To create a continuous metrics stream you need to provide a deployment dataframe and metrics creation configuration yaml.

```yaml
errors:
    rate_in_ticks: < ~ticks between errors>
    length_in_ticks: < ~length of error mode>
timestamps:
    interval: <time between samples in seconds>
    stochastic_interval: <create random intervals (around interval)>
metrics:
  <metric name>:
    accuracy: <decimals to produce>
    distribution: normal
    distribution_params:
        mu: <mean>
        noise: <noise>
        sigma: <std>
    is_threshold_below: <True to produce max when in error mode, False for min>
    past_based_value: <True to add the latest metric to the last result (like in daily stock market), False to replace normally)
    produce_max: <True for candles-like presentation>
    produce_min: <True for candles-like presentation>
    validation:
        distribution: # per-sample validation
            max: <max value for individual sample>
            min: <min value for individual sample>
            validate: <True to activate validation>
      metric: # metric level validations
        max: <max value for overall-metric sample (only applicable to past-based-values)>
        min: <min value for overall-metric sample (only applicable to past-based-values)>
        validate: <True to activate validation>
```

Each configured feature will generate additional metric for your deployment.

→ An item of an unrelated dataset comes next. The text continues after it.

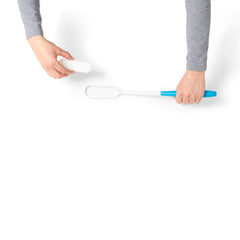 Vitility Aanbrenghulp spons 3 Stuks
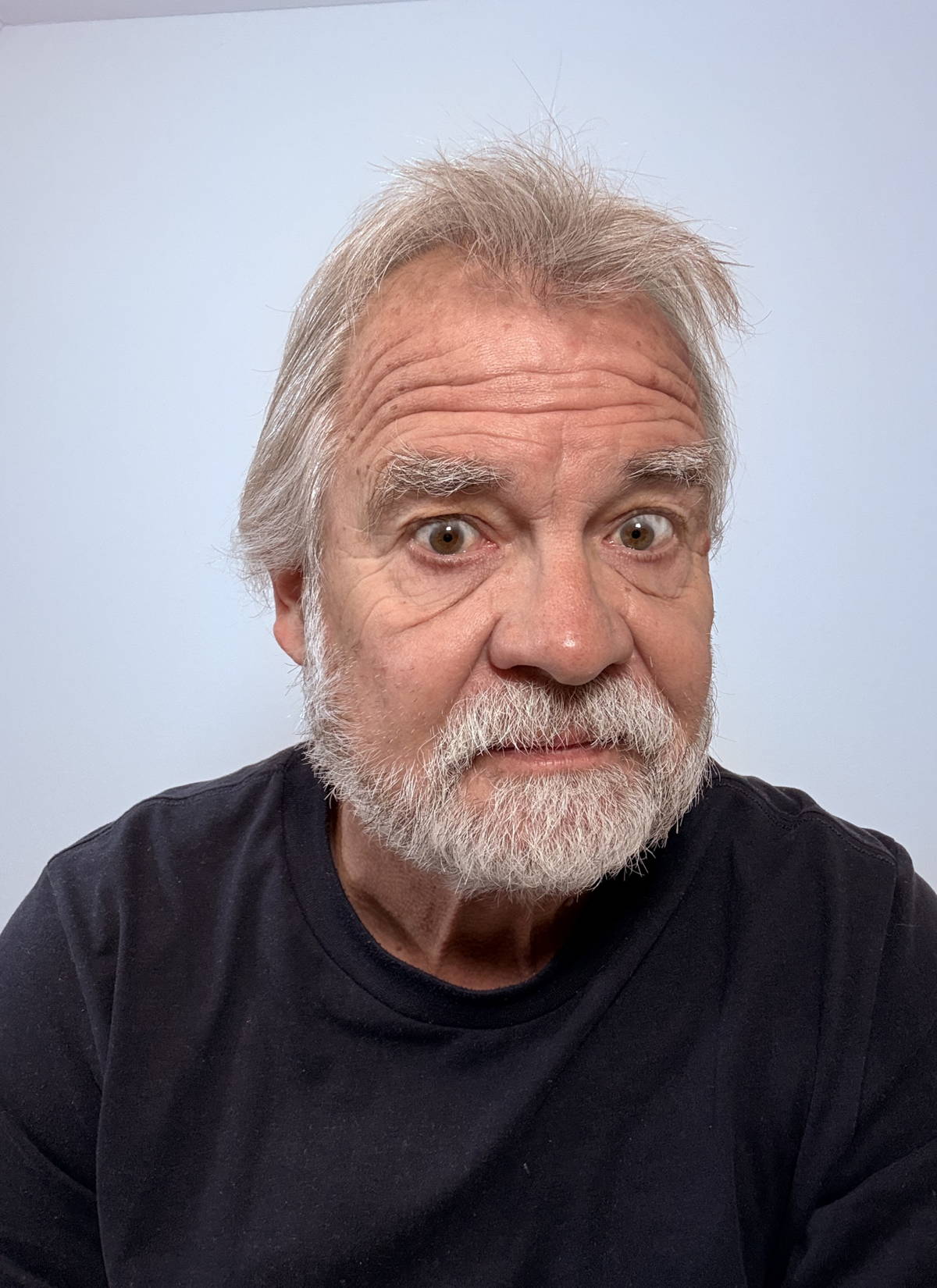 Günter Eric Kratzer - Foto 1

Example: Given the following yaml

```yaml
errors: {length_in_ticks: 10, rate_in_ticks: 5}
timestamps: {interval: 5s, stochastic_interval: true}
metrics:
  cpu_utilization:
    accuracy: 2
    distribution: normal
    distribution_params: {mu: 70, noise: 0, sigma: 10}
    is_threshold_below: true
    past_based_value: false
    produce_max: false
    produce_min: false
    validation:
      distribution: {max: 1, min: -1, validate: false}
      metric: {max: 100, min: 0, validate: true}
  throughput:
    accuracy: 2
    distribution: normal
    distribution_params: {mu: 250, noise: 0, sigma: 20}
    is_threshold_below: false
    past_based_value: false
    produce_max: false
    produce_min: false
    validation:
      distribution: {max: 1, min: -1, validate: false}
      metric: {max: 300, min: 0, validate: true}
```

And the previous deployment:

```python
from metrics_gen.metrics_generator import Generator_df

metrics_generator = Generator_df(metrics_configuration, user_hierarchy=deployment)
generator = metrics_generator.generate(as_df=True)

df = next(generator)
```

Will generate the following dataframe:

| timestamp                  	| core          	| device        	| cpu_utilization    	| cpu_utilization_is_error 	| throughput         	| throughput_is_error 	| is_error 	|
|----------------------------	|---------------	|---------------	|--------------------	|--------------------------	|--------------------	|---------------------	|----------	|
| 2022-01-31 19:20:21.007087 	| 2113309831673 	| 4469221325973 	| 100.0              	| True                     	| 0.0                	| True                	| True     	|
| 2022-01-31 19:20:21.007087 	| 2115933686087 	| 4469221325973 	| 100.0              	| True                     	| 235.0679405785135  	| False               	| False    	|
| 2022-01-31 19:20:21.007087 	| 0175482390171 	| 4469221325973 	| 70.26657388732976  	| False                    	| 208.34378630077305 	| False               	| False    	|
| 2022-01-31 19:20:21.007087 	| 1626403145660 	| 4038890878426 	| 59.932750968399404 	| False                    	| 217.4335871243806  	| False               	| False    	|
| 2022-01-31 19:20:21.007087 	| 7247058922310 	| 4038890878426 	| 83.98361382584898  	| False                    	| 265.3476318369042  	| False               	| False    	|
| 2022-01-31 19:20:21.007087 	| 7030239128061 	| 4038890878426 	| 100.0              	| False                    	| 225.16604191632058 	| False               	| False    	|

To generate new samples all we need to do is call `next(generator)` and a new sample will be generated.